If you want a higher than 1Hz update rate, go to HNR and set a rate. 20Hz is the highest possible, but may be lower in practice based on chip use. Check the manual. Again be sure to press SEND at the bottom before leaving the page. I’ve not yet tested this setting - there may be some need to change baud rates and disable messages on other ports (performance and buffer issues) to get it working.

Now to save all changes to the chip. Changes are saved a little at a time by messages. Go to the VALSET (#1) option. Select group CFG-UART2 (#2), keyname with BAUDRATE (#3), and select add to list. That adds the command to a list. Next group UART2INPROT, add keys UBX, NMEA, RCTM3 (do not add RCTM2, an older protocol). Do this for the UARTOUTPROT also.

Continue, getting the messages in the pic (UART2 baud rate, in and out protocols, and ubx-infmsg for uart2). Select them one at a time, and click “get current value” (#4) to see everything is correct. Then select Send at the bottom.

Info to save

Make a change to the UBX UART2 Output setting (which is a 1) . Select that line (#5), click false (#6), to disable UBX messages coming out the UART port to our GPS receiver.

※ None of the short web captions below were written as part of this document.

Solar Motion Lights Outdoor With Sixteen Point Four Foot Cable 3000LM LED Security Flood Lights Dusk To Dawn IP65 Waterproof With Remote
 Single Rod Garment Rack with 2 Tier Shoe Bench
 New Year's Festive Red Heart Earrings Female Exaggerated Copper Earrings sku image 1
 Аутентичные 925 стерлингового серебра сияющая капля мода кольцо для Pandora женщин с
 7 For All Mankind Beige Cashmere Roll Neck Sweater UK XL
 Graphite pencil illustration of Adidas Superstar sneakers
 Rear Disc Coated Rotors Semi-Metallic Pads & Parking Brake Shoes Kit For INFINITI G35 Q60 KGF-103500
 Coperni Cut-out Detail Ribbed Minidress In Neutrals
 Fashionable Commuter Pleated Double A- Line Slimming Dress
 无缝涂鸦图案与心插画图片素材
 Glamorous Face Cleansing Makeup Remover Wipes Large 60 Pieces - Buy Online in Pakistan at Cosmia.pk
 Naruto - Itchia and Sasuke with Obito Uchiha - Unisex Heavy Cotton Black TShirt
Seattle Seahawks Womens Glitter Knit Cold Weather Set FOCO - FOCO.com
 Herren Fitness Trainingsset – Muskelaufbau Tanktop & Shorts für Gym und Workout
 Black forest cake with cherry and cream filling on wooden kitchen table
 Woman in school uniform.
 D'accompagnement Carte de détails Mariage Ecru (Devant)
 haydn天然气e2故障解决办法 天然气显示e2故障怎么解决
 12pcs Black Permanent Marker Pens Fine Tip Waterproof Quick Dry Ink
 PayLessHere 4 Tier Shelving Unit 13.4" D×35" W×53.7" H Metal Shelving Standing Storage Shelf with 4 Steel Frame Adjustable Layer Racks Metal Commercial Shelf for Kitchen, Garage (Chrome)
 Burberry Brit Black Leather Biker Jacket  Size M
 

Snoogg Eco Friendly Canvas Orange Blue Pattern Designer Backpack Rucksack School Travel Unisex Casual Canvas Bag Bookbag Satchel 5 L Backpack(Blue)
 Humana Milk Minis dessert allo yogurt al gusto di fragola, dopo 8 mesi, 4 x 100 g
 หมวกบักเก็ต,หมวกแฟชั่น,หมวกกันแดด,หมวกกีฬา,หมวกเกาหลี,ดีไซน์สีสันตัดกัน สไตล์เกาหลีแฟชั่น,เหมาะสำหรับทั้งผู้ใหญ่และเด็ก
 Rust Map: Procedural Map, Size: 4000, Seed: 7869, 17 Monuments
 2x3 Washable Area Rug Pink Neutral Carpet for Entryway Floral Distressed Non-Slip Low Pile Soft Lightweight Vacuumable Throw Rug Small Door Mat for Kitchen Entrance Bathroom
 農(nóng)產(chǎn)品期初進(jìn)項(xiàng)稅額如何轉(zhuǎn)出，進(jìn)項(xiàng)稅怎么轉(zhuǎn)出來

After hitting Send (#7), this should be saved in the chip. Remove power for a few seconds, reconnect, and come back to here and check settings saved.

If somehow you think you bricked the chip, there are various levels of reset you can do. See https://www.ardusimple.com/simplertk2b-hack-3/ for an intro and google for more info.

NTRIP

The next piece of the puzzle is to get the RTK stream from your provider to the ZED-F9P. Using an Android phone makes this easy: use the free NTRIP app. First pair the Bluetooth module to your phone. Mine showed up as device RNBT-DB31.

Go under settings, go to Receiver settings, select type “External under Bluetooth”, select your device. While you’re here you can log all data to the phone by selecting the “Save GPS Data to File” and “Save NTRIP Data to File” checkboxes. If you want to use your precise GPS in other apps, select that option too.

Under the NTRIP settings, select your caster IP (where you get RCTM messages) and port, user name and password, and I selected stream as RTCM3_MAX from my available streams. You’ll have to see what options you have. You’ll want RCTM3 and not RCTM2.

Finish build

For a portable build for testing, I used a USB battery to power the entire assembly. Finally, I hooked up the antenna. With the antenna isolated somewhat on the wooden board (less RF noise), I figured I could get a decent signal to work. I powered it up, and watched the signal lights on the ZED board:

  1. PWR (red) lights when 3.3v achieved from USB or Qwiic bus
  2. PPS (yellow) 1 pulse per second when GPS locked
  3. RTK (green) constantly on power up. Blinks when RTCM data received. Once fix obtained, turns off
  4. FENCE (blue) can be configured for geofencing configs!

First build

Start NTRIP, select connect. Take the device outside where you have a clear view of the sky. Wait a little, watching the lights to see if you get a RCTM lock. If NTRIP sends a message that it’s waiting for a GGA message, then doesn’t progress past that, the settings from above are wrong. It means the phone is not seeing the GNS location messages sent from the ZED, over the Bluetooth module, to the phone.

Testing

My first tests were to see how repeatable the coordinates are, and how little drift I could get. I soon learned there are different kinds of signal lock, shown in the NTRIP app in large letters. The three that were common were GPS (normal mode), DGPS (differential, slightly better), FloatRTK (when RTK is present but the system has too much noise and doesn’t get a lock), and the best, RTK (excellent lock).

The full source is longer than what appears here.